# cedar spiral



## rdemler (Jun 11, 2014)

Just finished a cedar stick with a spiral in the middle.Stained a darker color.Drilled for a wrist strap.


----------



## CV3 (Jan 30, 2014)

Nice spiral. Makes your stick stand out.


----------



## rdemler (Jun 11, 2014)

Thank you!


----------



## Sean (Dec 29, 2012)

Nice spiralled stick. Those canes in the background grabbed my attention. Any chance of a few pics of those. I like the style.


----------



## rdemler (Jun 11, 2014)

The canes in the pic are test sticks.Learned to use my tenon cutter on some.The canes L to R are Lilac cedar cedar D willow D willow.


----------



## cobalt (Nov 14, 2013)

nice spiral well done


----------



## Sean (Dec 29, 2012)

How do you like using the tenon cutter? I have one but haven't used it much.
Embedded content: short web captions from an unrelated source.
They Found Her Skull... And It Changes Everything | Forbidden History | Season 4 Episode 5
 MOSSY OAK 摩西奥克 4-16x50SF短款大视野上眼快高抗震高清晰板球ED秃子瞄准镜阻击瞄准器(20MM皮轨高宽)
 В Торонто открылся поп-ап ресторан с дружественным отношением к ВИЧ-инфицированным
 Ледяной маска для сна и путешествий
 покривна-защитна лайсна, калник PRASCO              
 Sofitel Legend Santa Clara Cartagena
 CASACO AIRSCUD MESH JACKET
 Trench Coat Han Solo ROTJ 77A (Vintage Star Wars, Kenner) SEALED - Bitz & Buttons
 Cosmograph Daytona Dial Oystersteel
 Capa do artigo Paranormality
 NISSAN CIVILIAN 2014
I have been cutting my own tenon with a carving knife after drilling the hole.


----------



## rdemler (Jun 11, 2014)

I really like using the tenon cutter.I don't have carving skill or patience for it right now.I like that the tenons are long enough to go through the handle completely..Sometimes the end grain makes for a nice design on the top of the handle.


----------



## MJC4 (Mar 6, 2014)

Good looking stick!


----------